== PROBLEM DETAILS ==
If an entry holds an image, leave that image out and transcribe everything else exactly.

== AVAILABLE DATA ==
= = = = =
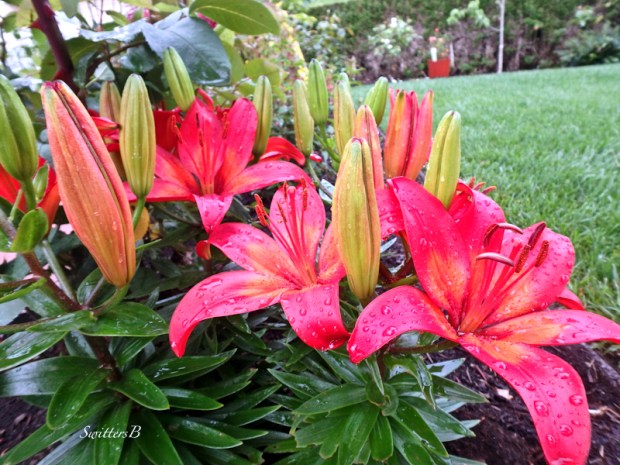 Lillies-garden-photo-SwittersB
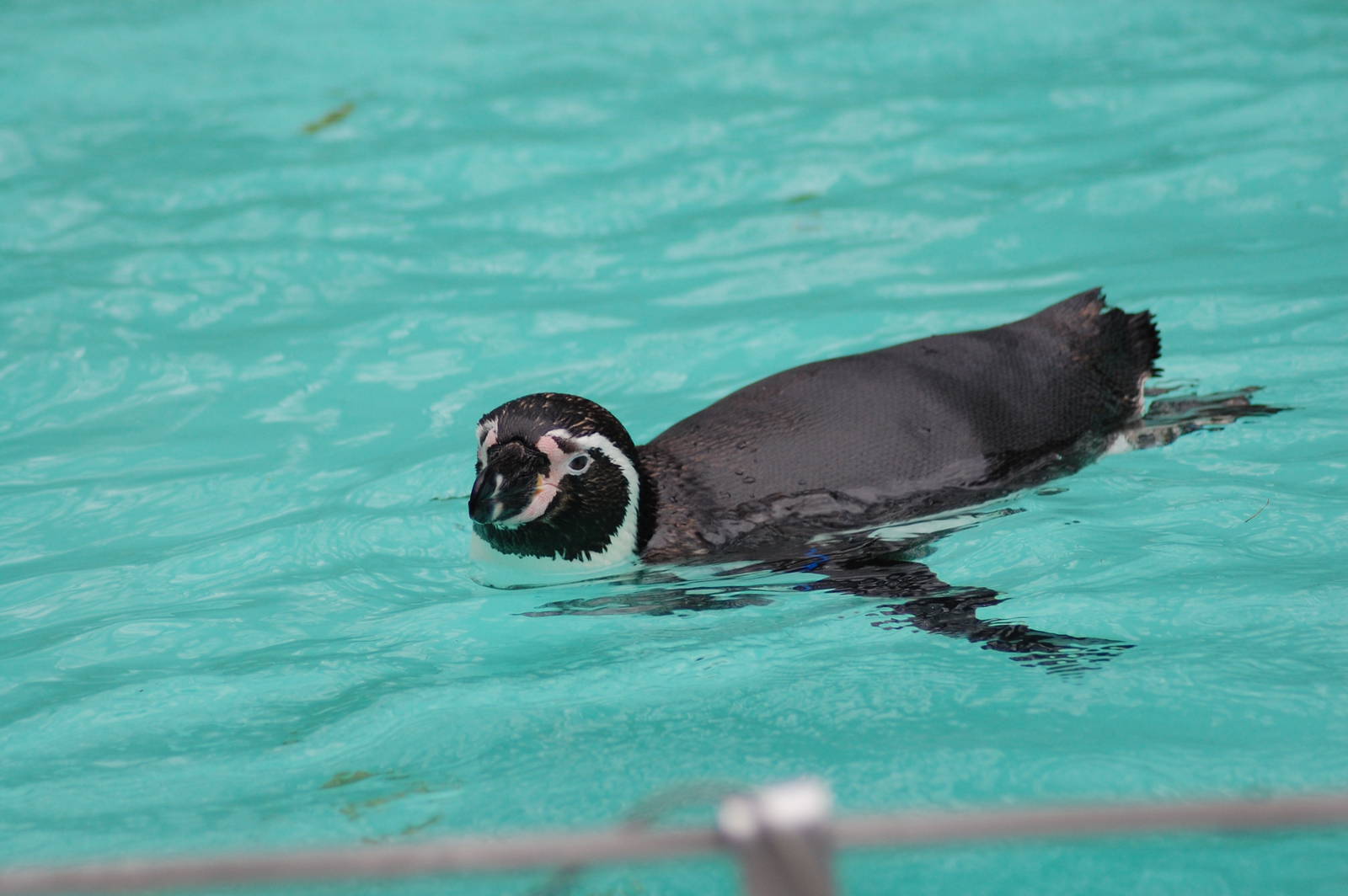 Humboldtpinguin 08-01-2011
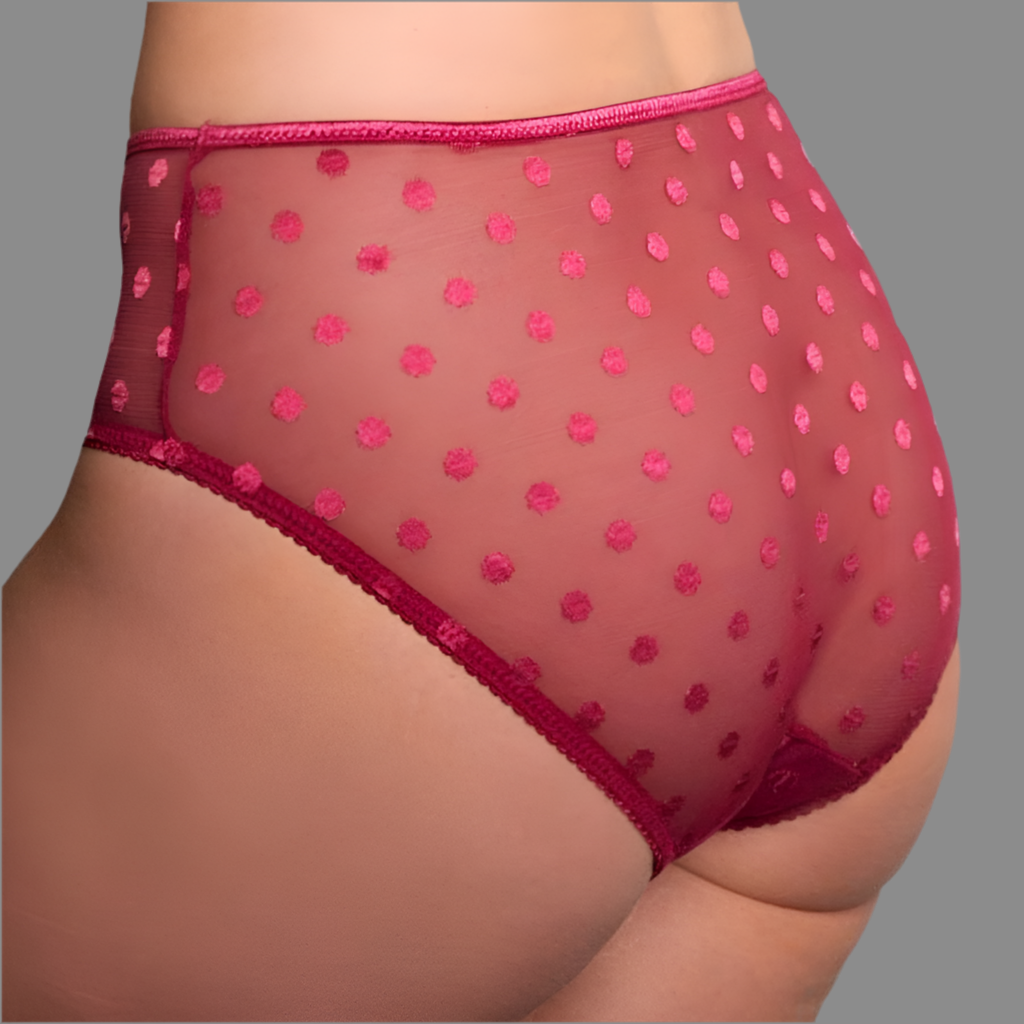Fit Fully Yours - Carmen Polka-Dot Bikini Brief - More Colors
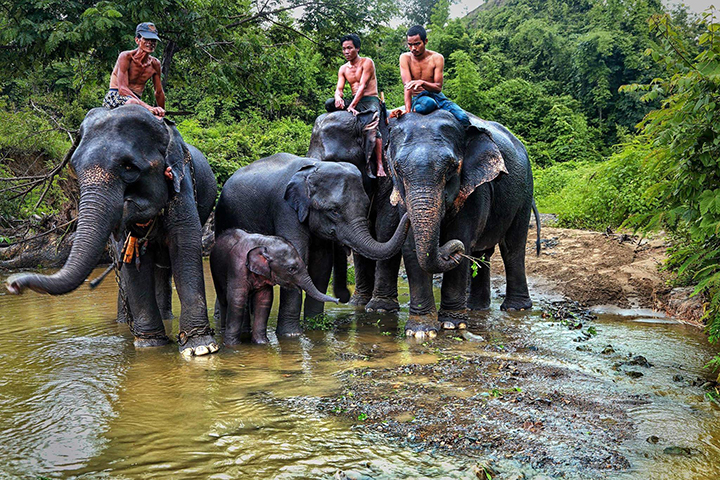 Mhaw Yaw Gyi Elephant Camp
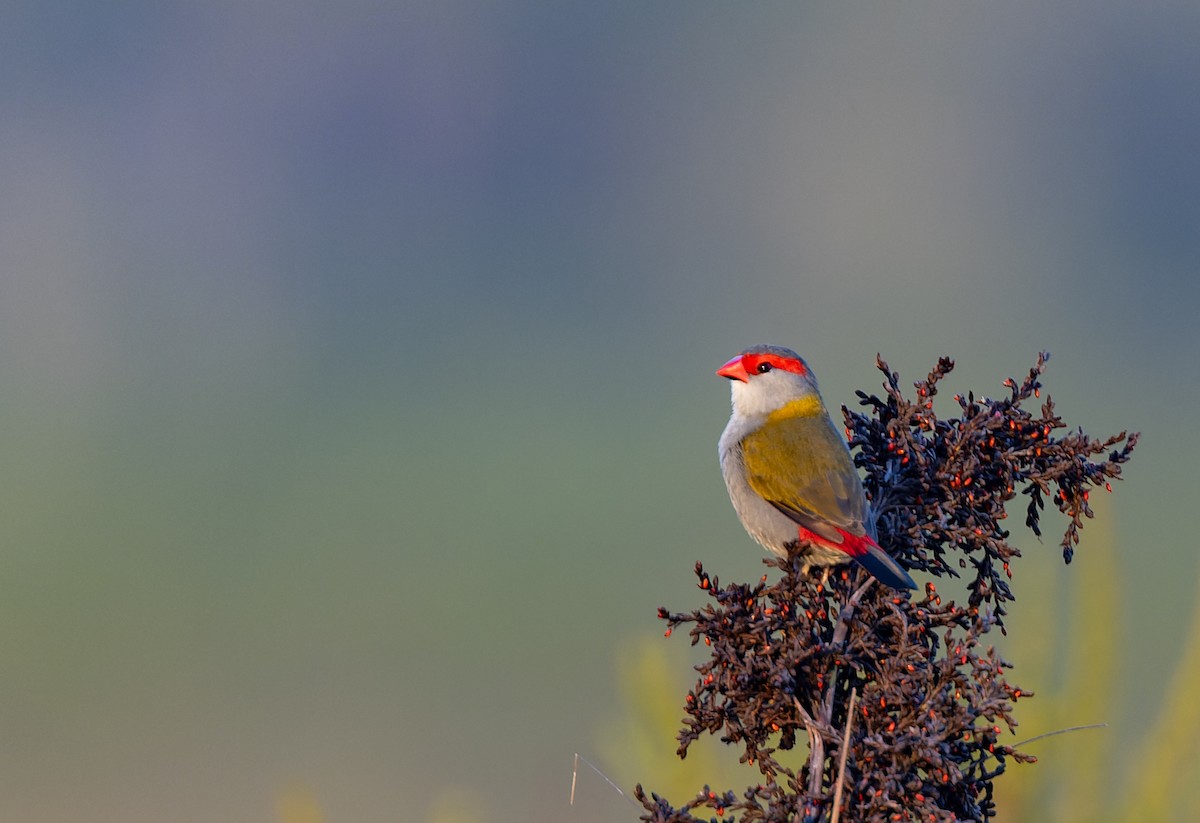 Red-browed Firetail - ML612492512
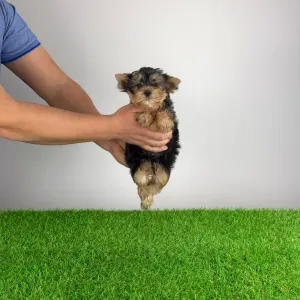 Yorkshire Terrier - Nero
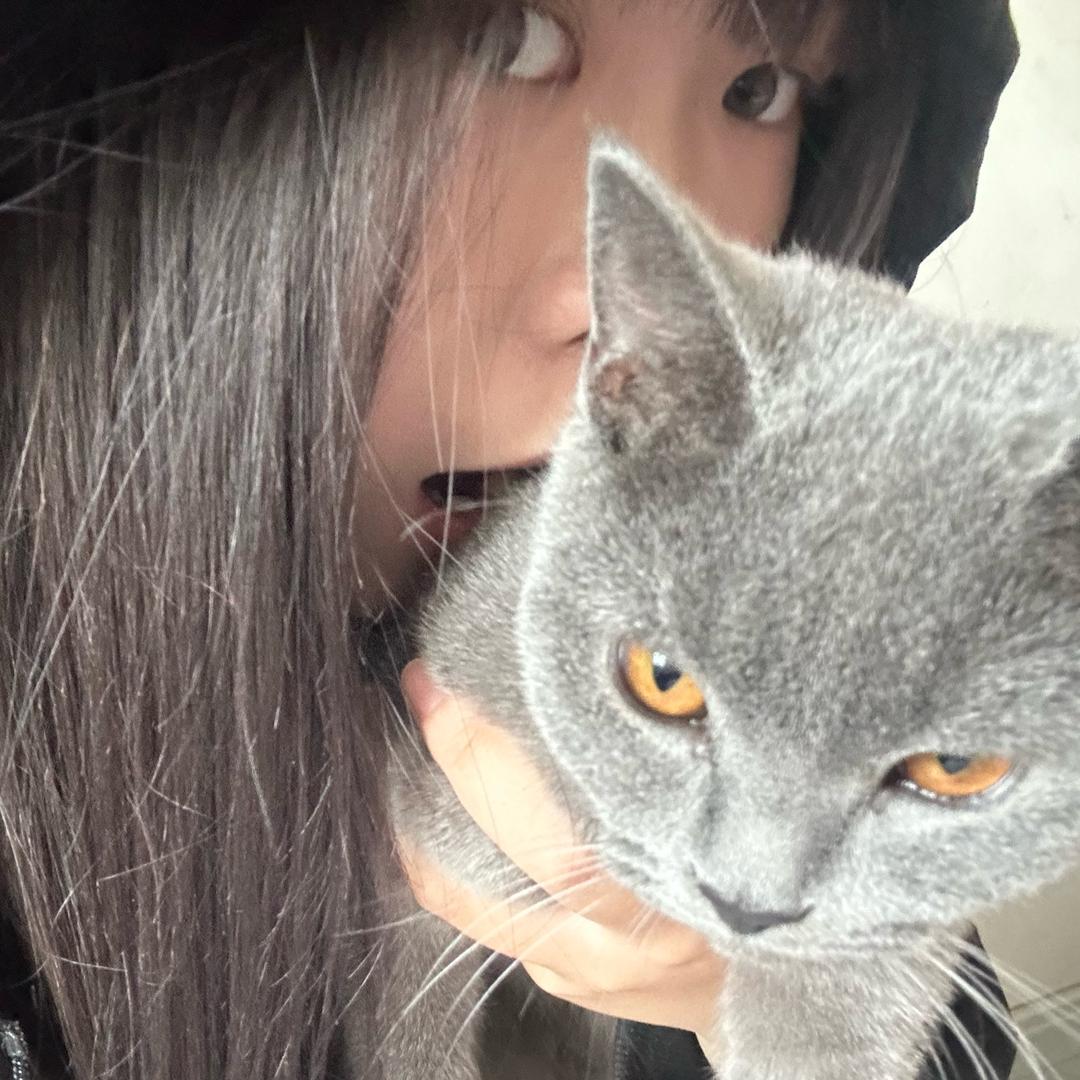 🌈🌈🌈🌈情的香菜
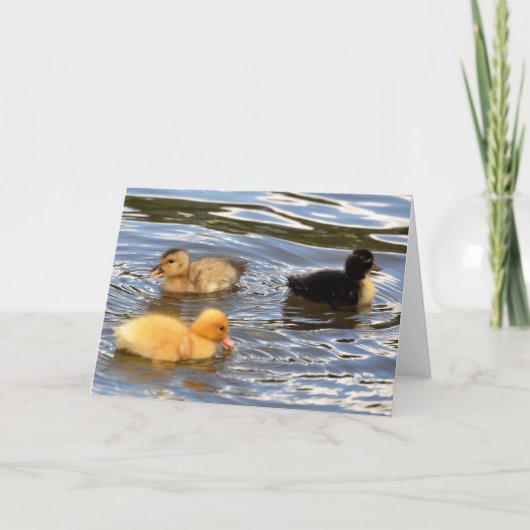 3羽の着色された子ガモ カード (正面)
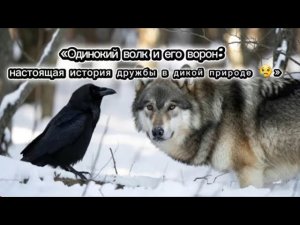 Одинокий волк и ворон: настоящая дружба в дикой тайге 😢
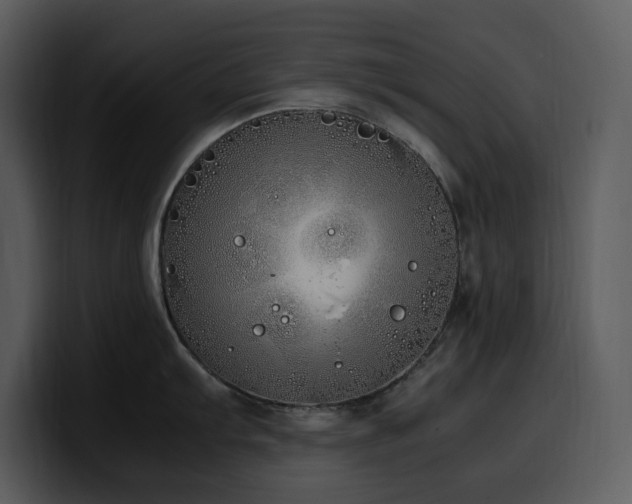 X0000100771103200806191236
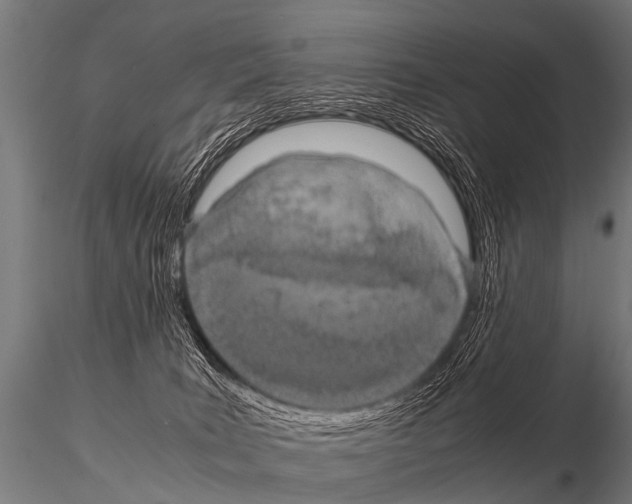 X0000115210035200912091208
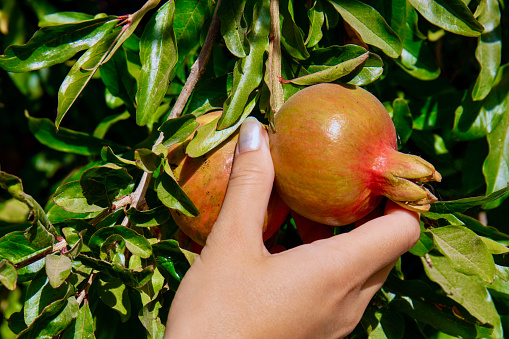 Picking delicious pomegranate directly from the tree, hand grabbing it.\nPlease see also my other food and fruit pictures!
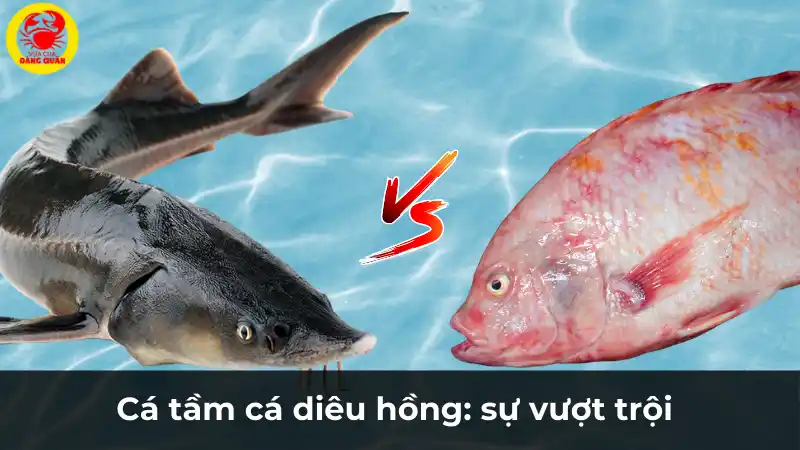 So sánh cá tầm và cá chép: Sự vượt trội về giá trị dinh dưỡng.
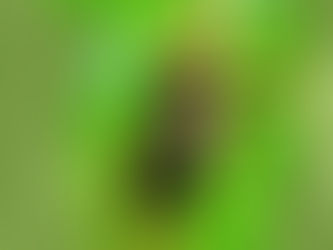 Musica regional: San-Tu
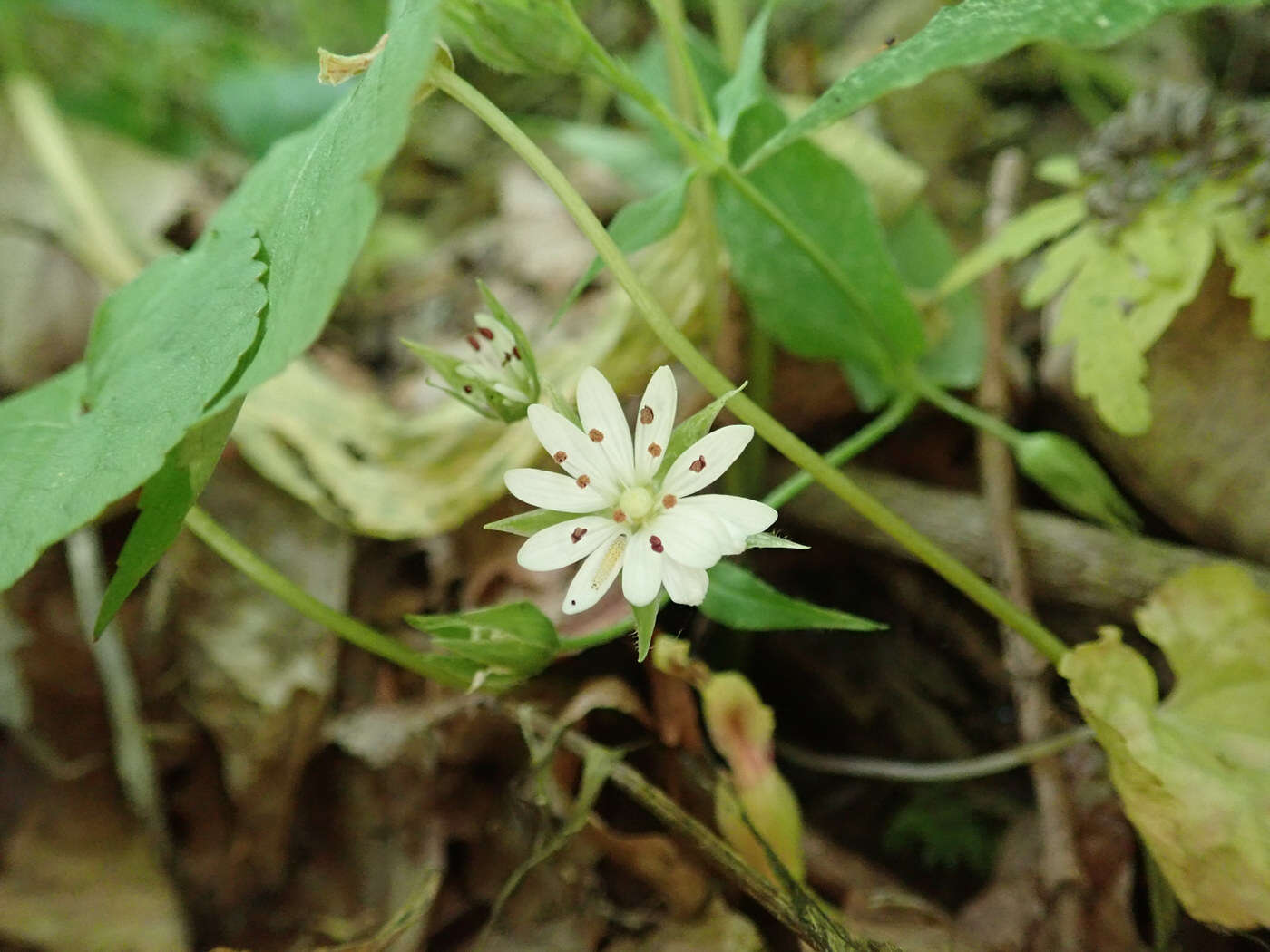 Image of Tennessee starwort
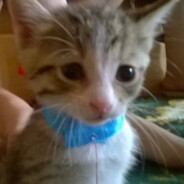 ✸ZazaGenerator420✸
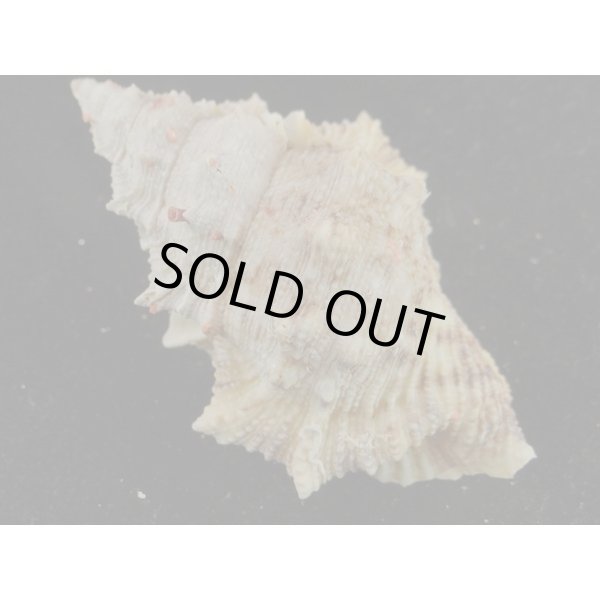 画像2: オニウネボラ (2)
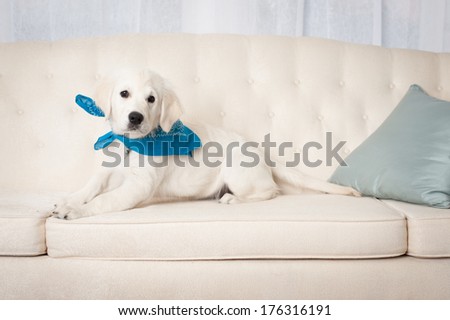 White Retriever Puppy Sitting On A Sofa Wearing A Blue Scarf In Studio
= = = = =
== WRITTEN ANSWER ==
 Lillies-garden-photo-SwittersB
 Humboldtpinguin 08-01-2011
Fit Fully Yours - Carmen Polka-Dot Bikini Brief - More Colors
 Mhaw Yaw Gyi Elephant Camp
 Red-browed Firetail - ML612492512
 Yorkshire Terrier - Nero
 🌈🌈🌈🌈情的香菜
 3羽の着色された子ガモ カード (正面)
 Одинокий волк и ворон: настоящая дружба в дикой тайге 😢
 X0000100771103200806191236
 X0000115210035200912091208
 Picking delicious pomegranate directly from the tree, hand grabbing it.\nPlease see also my other food and fruit pictures!
 So sánh cá tầm và cá chép: Sự vượt trội về giá trị dinh dưỡng.
 Musica regional: San-Tu
 Image of Tennessee starwort
 ✸ZazaGenerator420✸
 画像2: オニウネボラ (2)
 White Retriever Puppy Sitting On A Sofa Wearing A Blue Scarf In Studio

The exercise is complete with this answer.